ICAI issues clarifications on Ind AS implementation issues

ICAI issues clarifications on Ind AS

The Institute of Chartered Accountants of India (ICAI) has, on 24 and 30 June 2016, issued certain clarifications in the form of Frequently Asked Questions (FAQs) on the application of the ‘deemed cost’ exemption and consolidation requirements under the Indian Accounting Standards (Ind AS).


New developments

The Institute of Chartered Accountants of India (ICAI) has, on 24 and 30 June 2016, issued certain clarifications in the form of Frequently Asked Questions (FAQs) on the application of the ‘deemed cost’ exemption and consolidation requirements under the Indian Accounting Standards (Ind AS).

Further, the Ind AS Transition Facilitation Group (ITFG) constituted by the ICAI issued an update to its second bulletin (that covers Ind AS application issues discussed at its second meeting held on 12 April 2016) with additional guidance on the accounting for premium on the redemption of non- onvertible debentures.
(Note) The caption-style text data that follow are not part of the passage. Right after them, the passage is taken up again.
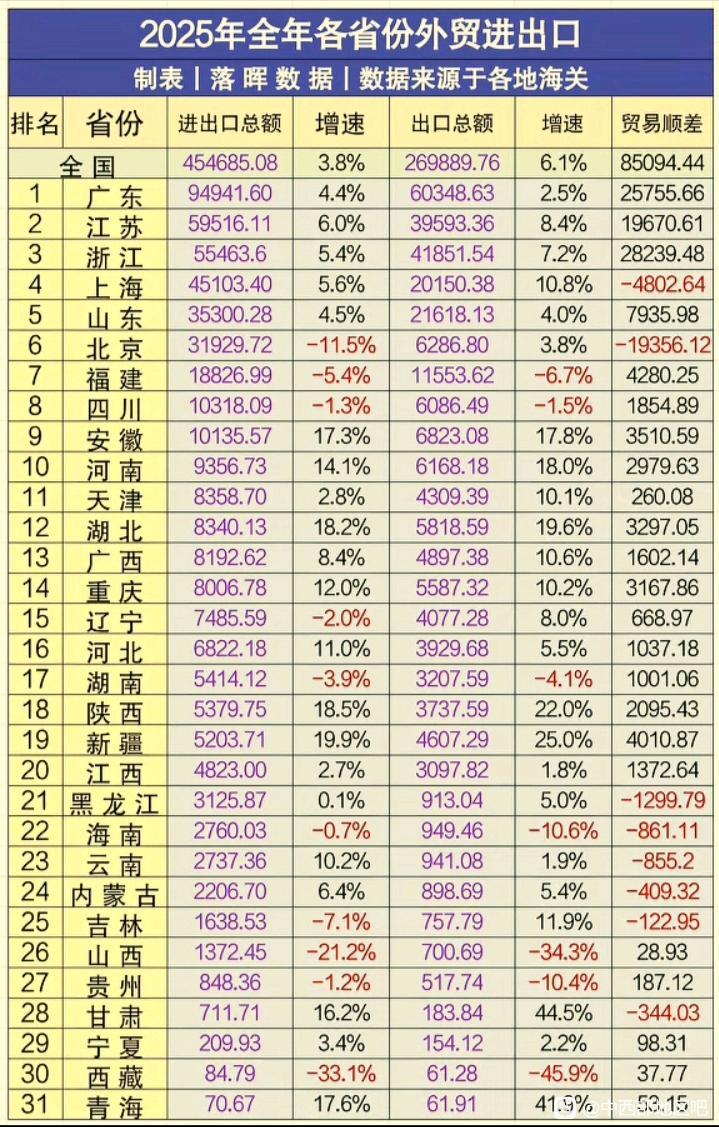 31省市2025年外贸进出口出炉：安徽破万亿、湖北超广西、重庆超辽宁截止目前，
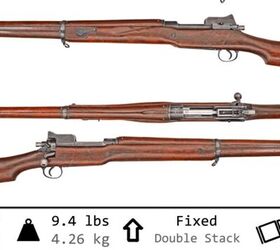 HISTORY: The British Pattern 14 Rifle with C&R Arsenal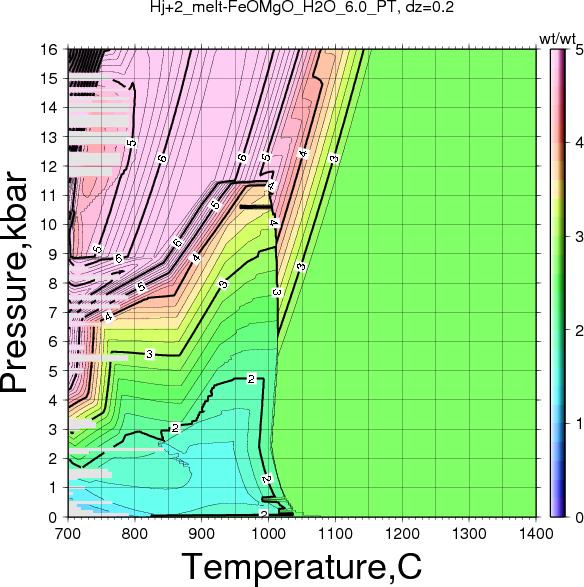 Hj+2/Hj+2_melt-FeOMgO_H2O_6.0_PT.png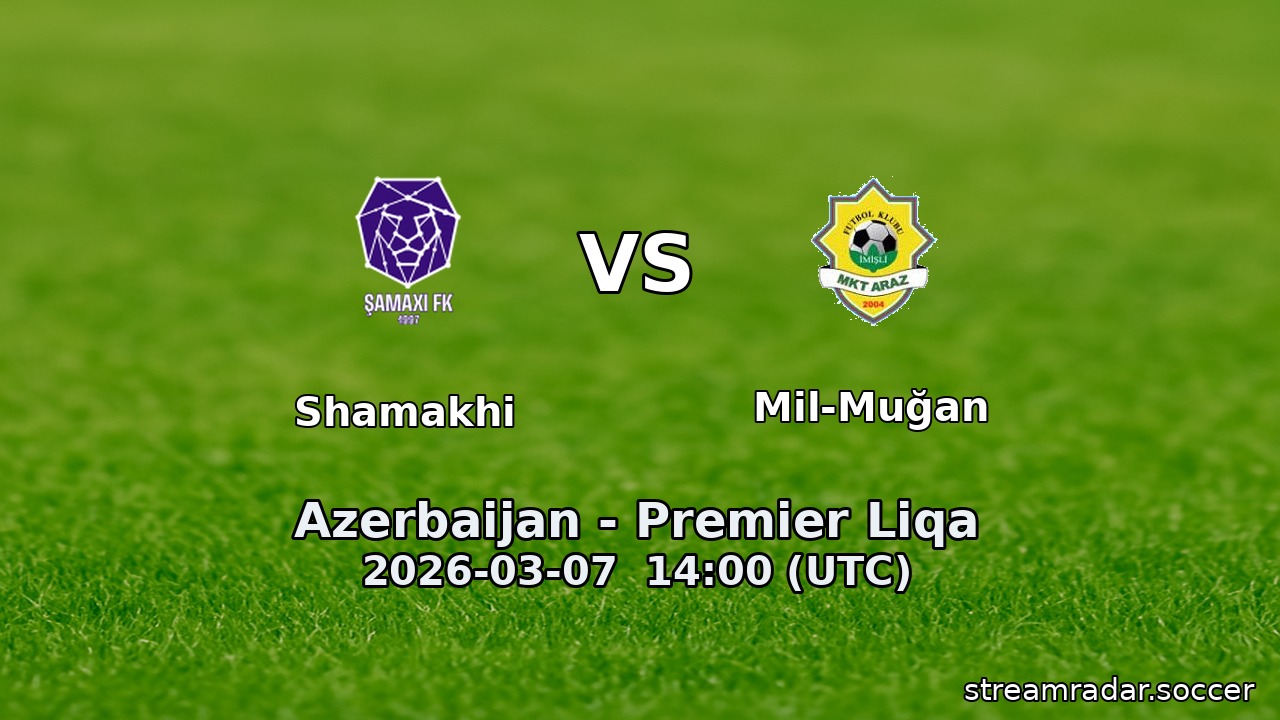 Shamakhi vs Mil-Muğan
This IFRS note provides an overview of the following clarifications:

  • FAQ on the application of the deemed cost exemption
  • FAQ on consolidation
  • ITFG update on second bulletin

Overview of the guidance

1.    FAQ on the application of the ‘deemed cost’ exemption

Ind AS 101, First-time Adoption of Indian Accounting Standards permits an entity (in situations where there is no change in functional currency) on the date of transition to Ind AS, to continue with the carrying value for all of its property, plant and equipment (PPE), measured as per its previous GAAP, and use that carrying value as its ‘deemed cost’ at the date of transition.

‘Deemed cost’ is definedas ‘an amount used as a surrogate for cost or depreciated cost at a given date. Subsequent depreciation or amortisation assumes that the entity had initially recognised the asset or liability at the given date and that its cost was equal to the deemed cost’.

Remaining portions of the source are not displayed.